C'è chi lo dice da anni con aria sapiente davanti al frigo: "La pasta del giorno dopo è sempre più buona!". E per una volta, la saggezza popolare ha anche basi scientifiche.
Sì, perché quello che succede nella tua ciotola di fusilli avanzati non è solo nostalgia da cena in famiglia: è chimica, ed è anche un piccolo regalo per il tuo intestino.
La magia dell’amido retrogradato
Quando cuoci la pasta, gli amidi si ammorbidiscono e diventano più digeribili (e sì, anche più zuccherini). Ma se quella stessa pasta la fai raffreddare e poi la rimangi, magari il giorno dopo, magari tiepida, quegli amidi cambiano forma: si “retrogradano”.
Che significa? Diventano amidi resistenti, una specie di fibra solubile che resiste alla digestione e arriva quasi intatta all’intestino, dove viene accolta come cibo preferito dal tuo microbiota. In parole povere: meno zuccheri assorbiti, più nutrimento per i batteri buoni.
Effetto collaterale: meno gonfiore, più leggerezza
Per chi ha un intestino sensibile o segue una dieta low FODMAP, questa trasformazione è oro.

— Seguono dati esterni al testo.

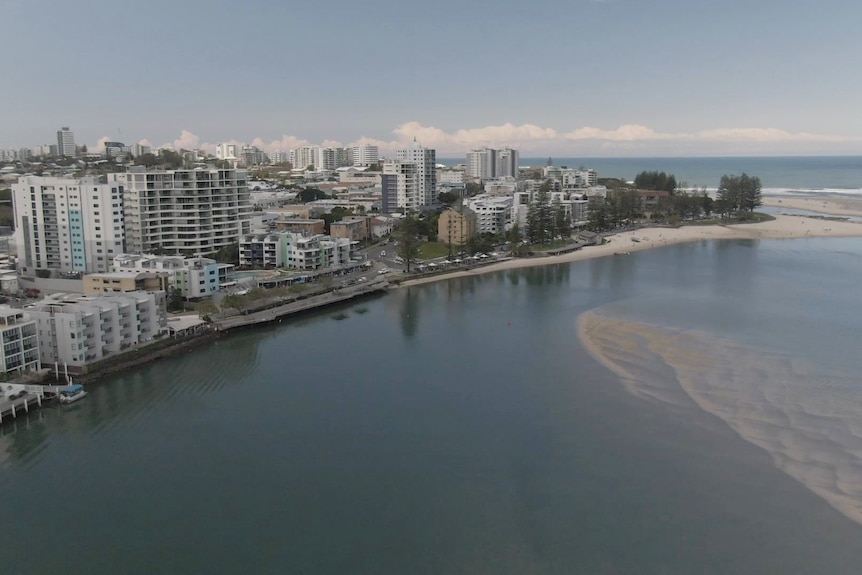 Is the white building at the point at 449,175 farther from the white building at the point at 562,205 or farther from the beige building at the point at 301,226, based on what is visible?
the beige building at the point at 301,226

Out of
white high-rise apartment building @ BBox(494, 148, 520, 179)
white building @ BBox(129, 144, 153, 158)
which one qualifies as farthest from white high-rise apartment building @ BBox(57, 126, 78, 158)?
white high-rise apartment building @ BBox(494, 148, 520, 179)

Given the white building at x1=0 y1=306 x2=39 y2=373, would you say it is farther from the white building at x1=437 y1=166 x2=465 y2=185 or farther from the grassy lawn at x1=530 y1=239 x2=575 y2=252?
the white building at x1=437 y1=166 x2=465 y2=185

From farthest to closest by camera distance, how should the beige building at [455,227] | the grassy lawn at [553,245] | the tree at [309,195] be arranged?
the tree at [309,195], the grassy lawn at [553,245], the beige building at [455,227]

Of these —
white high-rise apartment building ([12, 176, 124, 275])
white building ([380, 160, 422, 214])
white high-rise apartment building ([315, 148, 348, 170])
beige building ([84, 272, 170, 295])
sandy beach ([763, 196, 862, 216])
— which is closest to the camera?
beige building ([84, 272, 170, 295])

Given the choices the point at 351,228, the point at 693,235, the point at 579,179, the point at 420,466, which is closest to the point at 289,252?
the point at 351,228

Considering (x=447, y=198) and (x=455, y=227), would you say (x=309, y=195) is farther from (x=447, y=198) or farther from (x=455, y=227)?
(x=455, y=227)

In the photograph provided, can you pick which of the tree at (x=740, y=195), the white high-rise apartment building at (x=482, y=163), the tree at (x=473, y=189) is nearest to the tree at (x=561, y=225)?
the tree at (x=740, y=195)

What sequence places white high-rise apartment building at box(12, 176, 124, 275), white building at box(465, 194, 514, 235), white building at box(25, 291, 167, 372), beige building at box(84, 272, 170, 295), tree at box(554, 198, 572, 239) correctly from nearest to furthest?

I cibi ricchi di amido retrogradato tendono a fermentare meno e ad avere un impatto più gentile sulla pancia, aiutando il transito intestinale senza scatenare crampi, gonfiore o effetti collaterali degni di una sitcom.
E no, non è solo la pasta: lo stesso vale per riso, patate, persino i legumi (ben cotti, please).
Il segreto è semplice: raffredda, conserva, riscalda leggermente… e ringrazia.
Buono ieri, meglio oggi
Quindi sì, puoi mangiare la pasta del giorno prima anche con un po’ di orgoglio scientifico.
Perché non è solo una scelta comoda o un colpo di fortuna: è una piccola strategia per volerti bene, dal piatto alla pancia.
L’intestino felice, dopotutto, passa anche da gesti semplici, come scaldare due rigatoni in padella.